So, where can unsigned char be useful?
If I understood right, unsigned char can represent numbers from -128 to 127. But every encoding table uses positive numbers. So, unsigned char can't be used for representing characters. Am I right?
No, unsigned char is 0 to 255.
It can be useful in representing binary data (a single byte), although, like any primitive data type, the possibilities are endless.
First of all, what you are representing is signed char, unsigned char ranges from 0 - 255.
To answer your questions about negative valued character, you are right that character encoding is done using positive values.
On a different view, just think of signed and unsigned char as integer representation.
Unsigned char is used to represent bytes. If you need just one byte of memory in a variable, you use unsigned char and assign an integer to it.
fo example, there is used uint8_t to represent bytes, but is not more than that.

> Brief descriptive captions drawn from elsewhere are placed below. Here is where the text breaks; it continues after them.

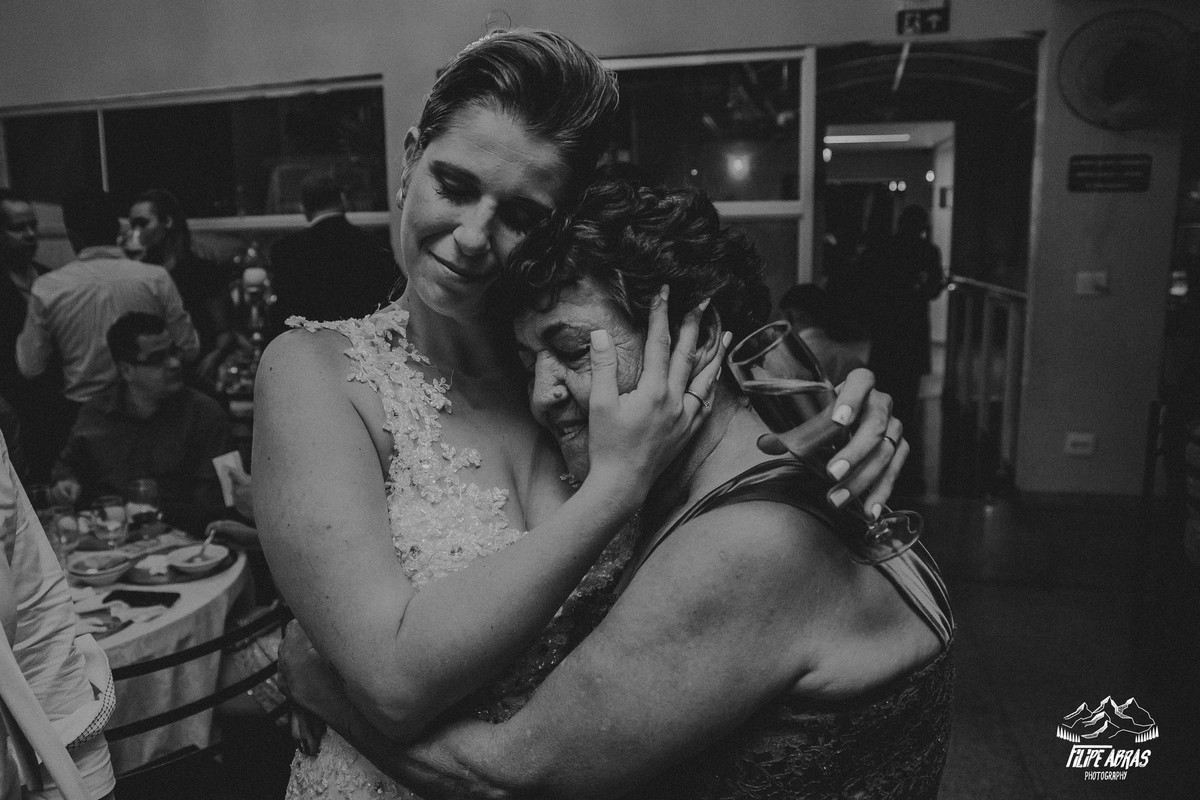 noiva emocionada ao abraçar uma tia no seu casamento em belo horizonte
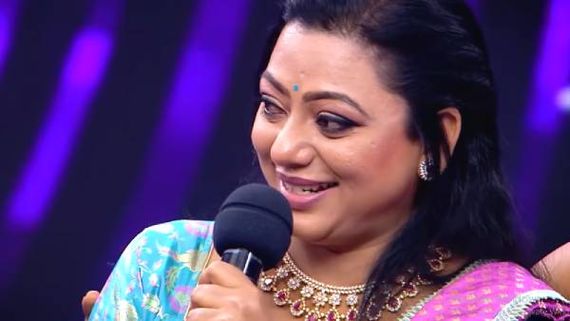 மேடையில் கதறி அழுத பாக்கியலட்சுமி சீரியல் நடிகை… கட்டி அணைத்து ஆறுதல் சொன்ன சக நடிகை !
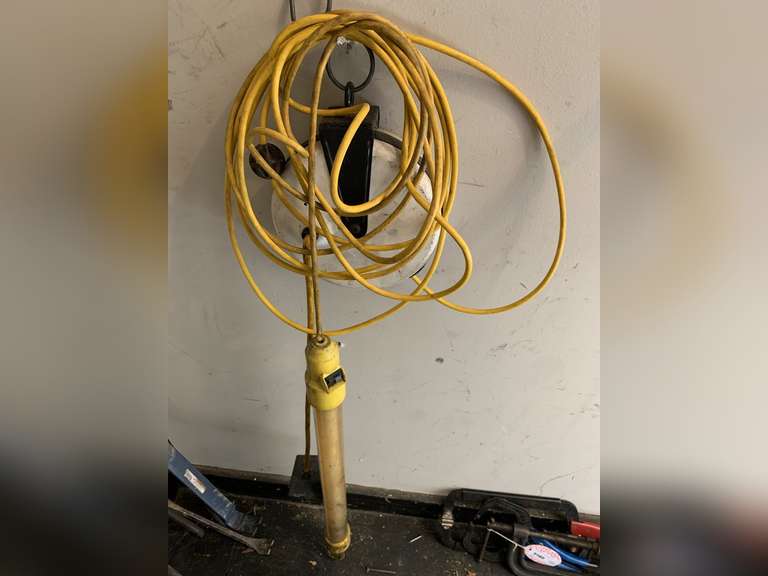 RETRACTABLE EXTENSION CORD W FLUORESCENT LIGHT - GARAGE CLOSET image
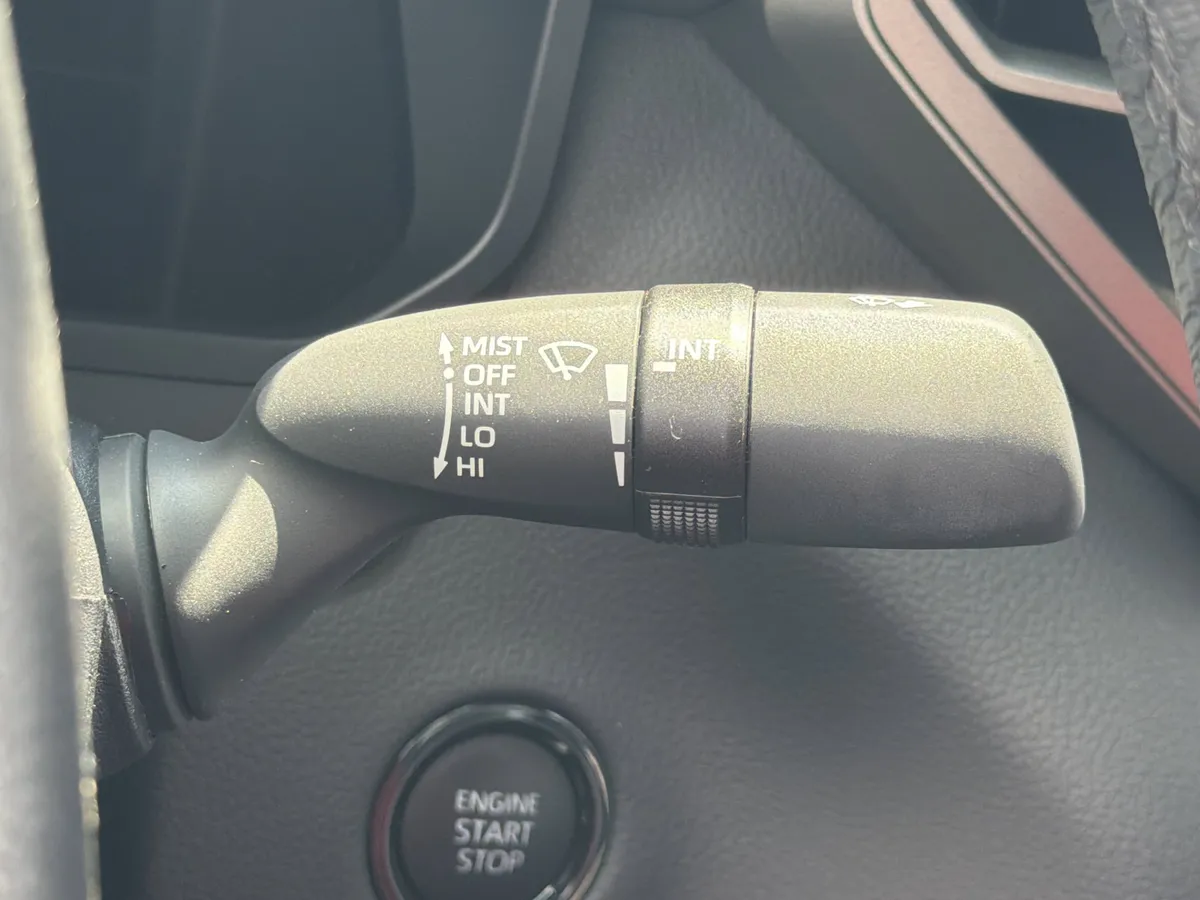 2025 Toyota Tundra Limited thumbnail 21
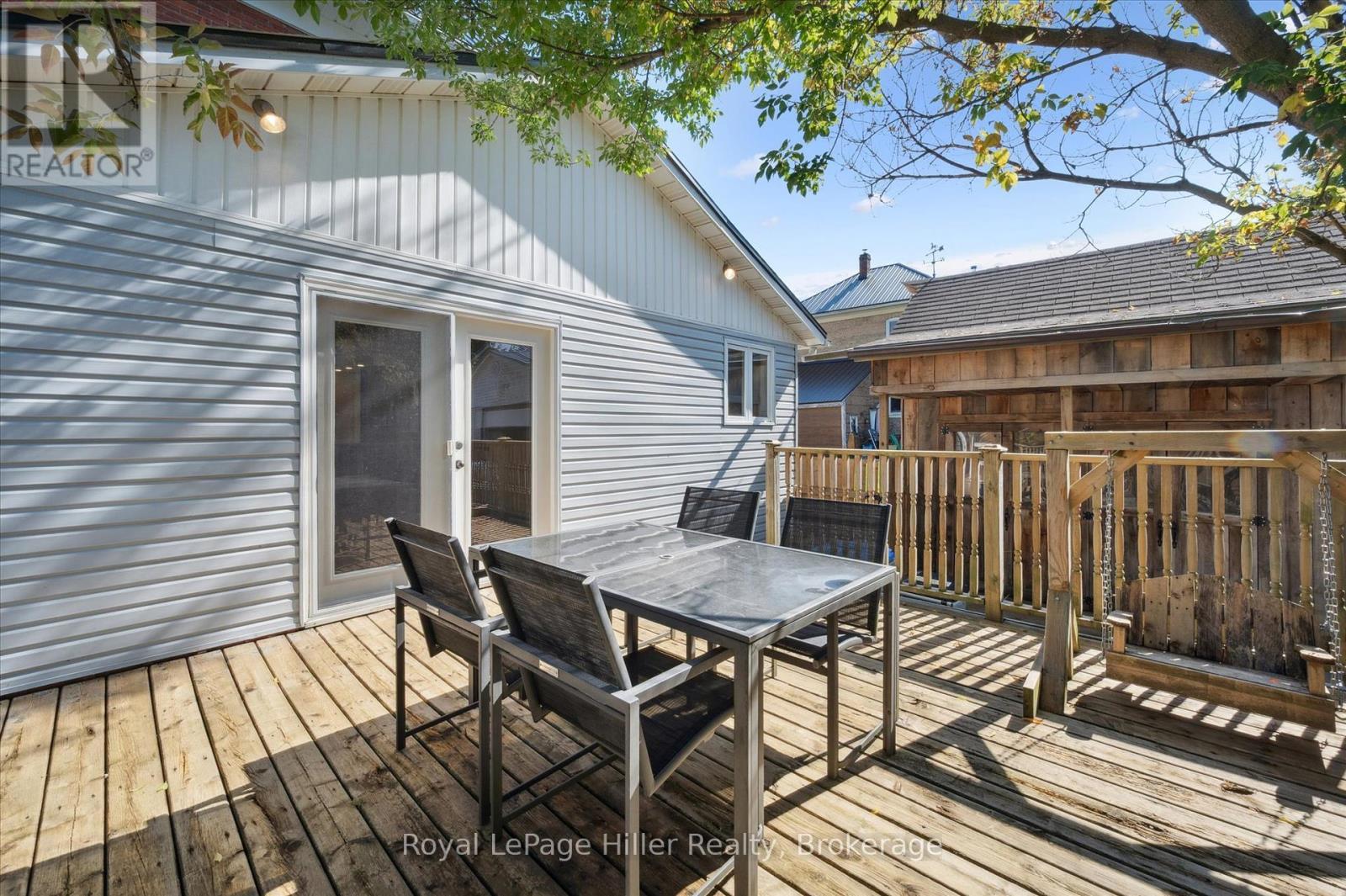 












4 TEMPERANCE STREET

,
Perth East (Milverton),




Ontario
N0K1M0

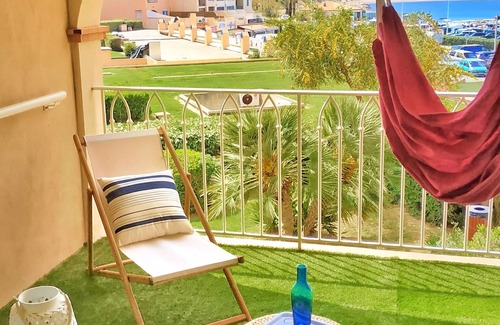 Six-Fours-les-Plages Apartment | Large terrace, 50m beach with sea view + private pool + closed parking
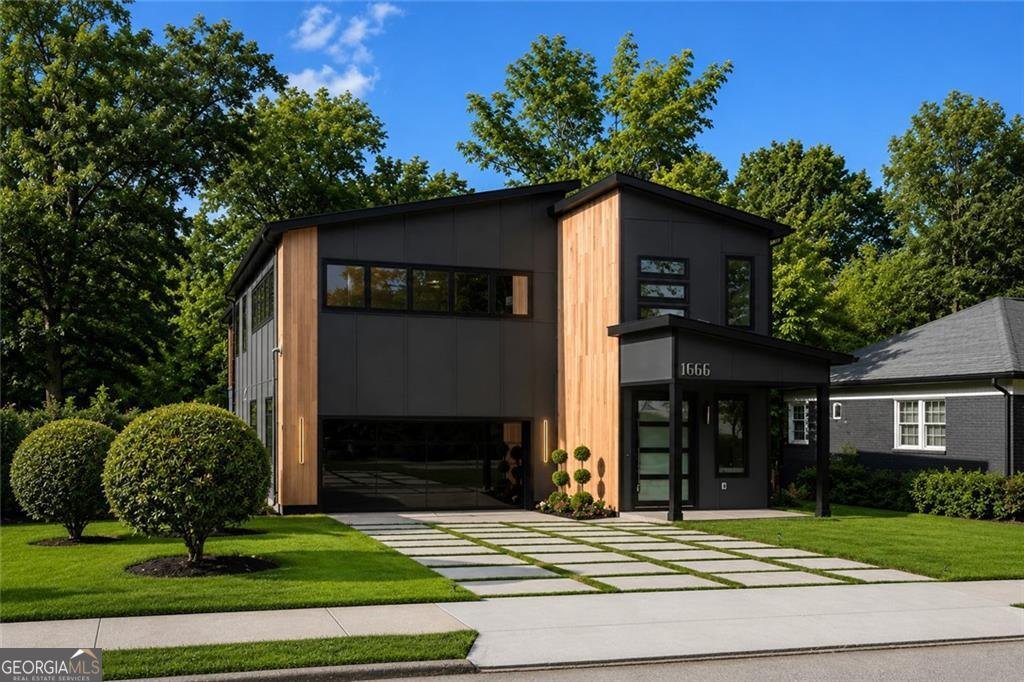 1666 Gordon Street Atlanta - main photo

A signed char can represent number from -128 to +127
and unsigned char is from 0 to 255.
Altough unsigned is more convenient in many use cases,
everthing binary-related can be done with signed too:
0=0, 1=1 ... 127=127, -128=128, -127=129, -126=130 ... -1=255
Such conversions happens automatically (or, better to say,
it´s just different interpretation).
("binary-related" means that a mathematical -2 * 2 would be possible too with unsigned,
but make even less sense)
Regarding So, where can unsigned char be useful?
Here perhaps?: (a very simple example to test for ASCII digit)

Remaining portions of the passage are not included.